Nea Paphos (Cyprus), 2016

Nea Paphos

 

Dates of work: 16 August–29 September 2016

 

Team:
Director: Dr. Henryk Meyza (Institute of Mediterranean and Oriental Cultures, Polish Academy of Sciences)
Archaeologists: Prof. Jolanta Młynarczyk (Institute of Archaeology, University of Warsaw; as Deputy Director), Assoc. Prof. Tomasz Scholl (Institute of Archaeology, University of Warsaw), Monika Więch (Institute of Mediterranean and Oriental Cultures, Polish Academy of Sciences), Julia Mikocka (PhD candidate, Antiquity of Southeastern Europe Research Centre, University of Warsaw), Marcin M. Romaniuk (PhD candidate, University of Warsaw; intern at Institute of Mediterranean and Oriental Cultures, Polish Academy of Sciences)
Architects: Dr. Aleksandra Brzozowska (Faculty of Architecture, Wrocław University of Science and Technology), Anna Kubicka (PhD candidate, Faculty of Architecture, Wrocław University of Science and Technology)
Students: Borowska Agata, Cegliński Arkadiusz, Czapska Katarzyna, Krzemień Weronika, Lis Bartłomiej, Rasa Nematullah, Warowna Magdalena, Żywicki Kacper (Institute of Archaeology, University of Warsaw); Elżbieta Napora, Agnieszka Folaron, Joanna Paska, Joanna Szewczyk (Faculty of Architecture, Wrocław University of Technology and Science)
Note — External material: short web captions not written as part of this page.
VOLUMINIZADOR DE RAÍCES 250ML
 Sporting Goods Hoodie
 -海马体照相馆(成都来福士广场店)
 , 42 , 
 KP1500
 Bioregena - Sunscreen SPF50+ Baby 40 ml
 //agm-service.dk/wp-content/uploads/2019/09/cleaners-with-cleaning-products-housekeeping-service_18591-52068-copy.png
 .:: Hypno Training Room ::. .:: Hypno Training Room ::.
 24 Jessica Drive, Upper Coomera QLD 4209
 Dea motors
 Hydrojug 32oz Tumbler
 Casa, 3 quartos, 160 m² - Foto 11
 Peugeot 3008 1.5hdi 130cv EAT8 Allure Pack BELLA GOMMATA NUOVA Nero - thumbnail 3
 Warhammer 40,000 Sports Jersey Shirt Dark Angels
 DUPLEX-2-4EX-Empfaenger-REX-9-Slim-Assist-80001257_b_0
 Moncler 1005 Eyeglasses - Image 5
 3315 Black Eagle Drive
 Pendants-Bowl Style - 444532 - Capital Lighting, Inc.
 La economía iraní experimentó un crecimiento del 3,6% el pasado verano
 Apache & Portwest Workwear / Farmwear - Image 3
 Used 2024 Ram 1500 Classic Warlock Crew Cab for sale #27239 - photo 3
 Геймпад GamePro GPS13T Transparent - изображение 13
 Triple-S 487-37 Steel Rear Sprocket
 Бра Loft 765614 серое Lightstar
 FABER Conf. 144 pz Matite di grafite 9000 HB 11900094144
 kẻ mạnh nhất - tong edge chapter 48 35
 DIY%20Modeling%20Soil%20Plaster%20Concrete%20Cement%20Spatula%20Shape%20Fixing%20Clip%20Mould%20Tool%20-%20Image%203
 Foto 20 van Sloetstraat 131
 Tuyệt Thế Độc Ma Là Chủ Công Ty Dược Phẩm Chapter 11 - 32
Volunteer: Karolina Michałowska (Warsaw)

 

Excavation below the ancient ground surface of the main courtyard (1) of the “Hellenistic” House in Nea Paphos proved its construction to be later than the beginning of the 2nd century AD. A large rectangular basin and a smaller circular one were found under the western part of the courtyard and east of it. The larger basin had two phases, the first phase being more than a meter deeper than the second one. Strata under the floors of corridor A and room B were shown to belong to the Late Classical and incipient Hellenistic periods. Exploration also continued of a cistern in the southeastern part of the courtyard and of a well in the northeastern corner of the corridor. The building sequence of the porticoes in the main courtyard was investigated in a probe dug in the southwestern corner of the court, whereas the relation between the large reception hall with mosaic floor (10) and the so-called Roman House was tested in a trench dug in corridor 29. Further fragments of “Nabatean” capitals and other decorated blocks were found in pits that had been cut in the courtyard surface in antiquity. Finally, minor excavation at the southwestern corner of the House of Aion revealed a sequence of floors against the southern elevation of a building uncovered under the late Roman street B.